We’ll be publishing our special report by Stephen Arnold, Beyond Search: What to do When you’re Enterprise Search System Doesn’t Work soon – most likely at the beginning of April, and have set-up a page where you can sign-up to be notified when the report will be available at . There will also be a special price for early orders and we’ll be providing that info shortly.
Steve has also set-up a page describing the report at: , and has a blog where he is providing some supplementary material. Also keep an eye on Lynda’s blog where she might have some comments while she is doing some editing.

Around and About

  • I was researching something yesterday and ran a search for DITA and decided, heck, we have some good resources here.
  • Danielle Guinebertiere writes to tell us that the 2008 Mark Logic user conference will be held June 10-13 at the Intercontinental Hotel in San Francisco.
  • Ditto Ektron CEO Bill Rogers, who alerted us to the call for papers for their 2008 user conference.
  • AIIM is almost upon us. One of the things I’ll be checking out is the XPS showcase.
  • Speaking of AIIM, I will be speaking as part of a post-AIIM webinar March 12 on dynamic documents.
  • D-Day for Microsoft Office at ISO?
  • Interesting article over at DevX about using PHP to create dynamic SVG. Always warms my heart to see new energy behind SVG!

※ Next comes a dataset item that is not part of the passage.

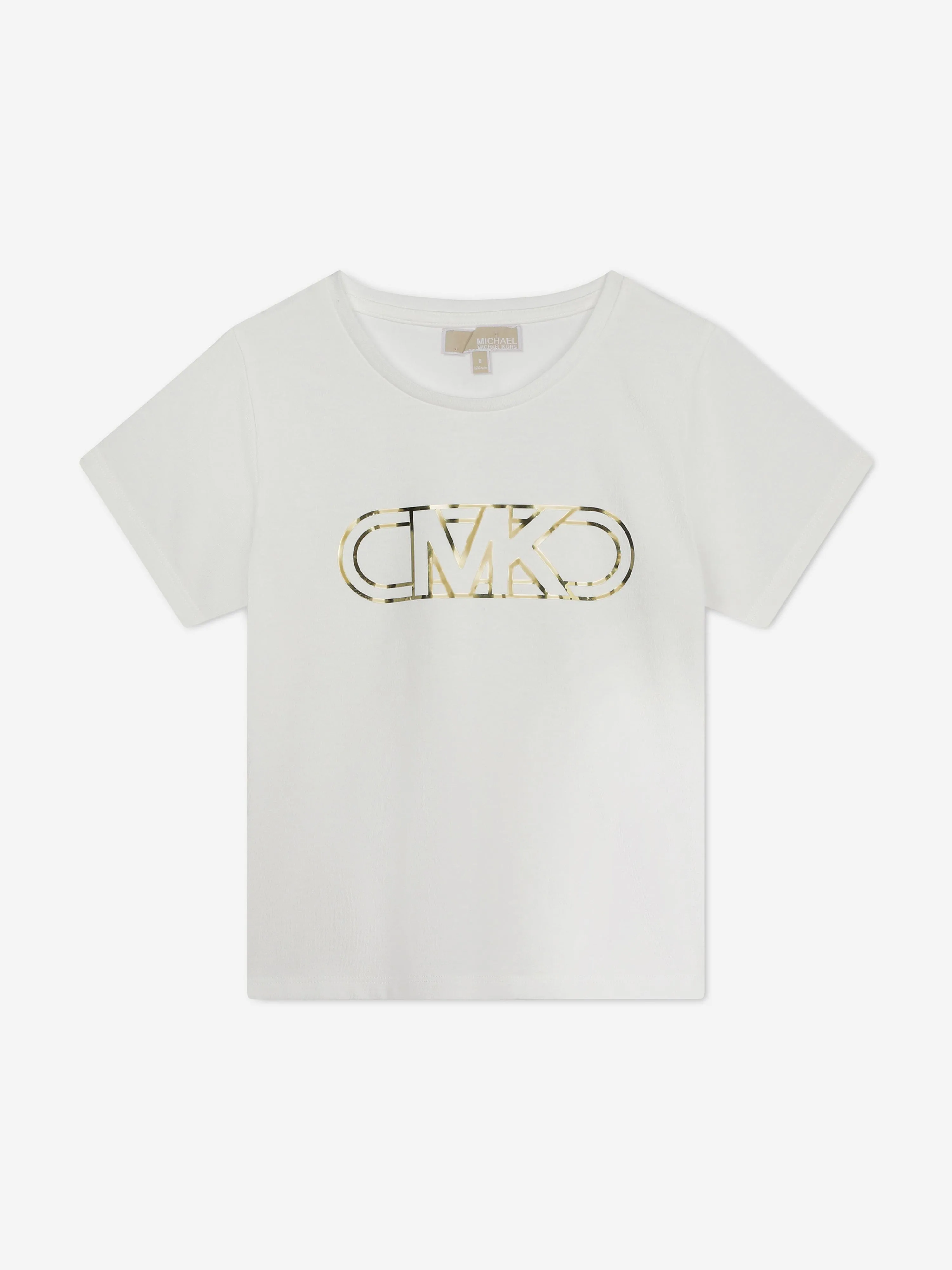 Michael Kors Girls Logo Print T-Shirt in Ivory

Taxonomy and Enterprise Search

This blog entry on the “Taxonomy Watch” website prompts me to correct the impression that I believe naysayers who say that taxonomies take too much time and effort to be valuable. Nothing could be further from the truth. I believe in and have always been highly vested in taxonomies because I am convinced that an investment in pre-processing enterprise generated content into meaningfully organized results brings large returns in time savings for a searcher. S/he, otherwise, needs to invest personally in the laborious post-processing activity of sifting and rejecting piles of non-relevant content. Consider that categorizing content well and only once brings benefit repeatedly to all who search an enterprise corpus.

Prime assets of enterprises are people and their knowledge; the resulting captured information can be leveraged as knowledge assets (KA). However, there is a serious problem “herding” KA into a form that results in leveragable knowledge. Bringing content into a focus that is meaningful to a diverse but specialized audience of users, even within a limited company domain is tough because the language of the content is so messy.

So, what does this have to do with taxonomies and enterprise search, and how they factor into leveraging KA? Taxonomies have a role as a device to promote and secure the meaningful retrievability of content when we need it most or fastest, just-in-time retrieval. If no taxonomies exist to pre-collocate and contextualize content for an audience, we will be perpetually stuck in a mode of having to do individual human filtering of excessive search results that come from “keyword” queries. If we don’t begin with taxonomies for helping search engines categorize content, we will certainly never get to the holy grail of semantic search. We need every device we can create and sustain to make information more findable and understandable; we just don’t have time to both filter and read, comprehensively, everything a keyword search throws our way to gain the knowledge we need to do our jobs.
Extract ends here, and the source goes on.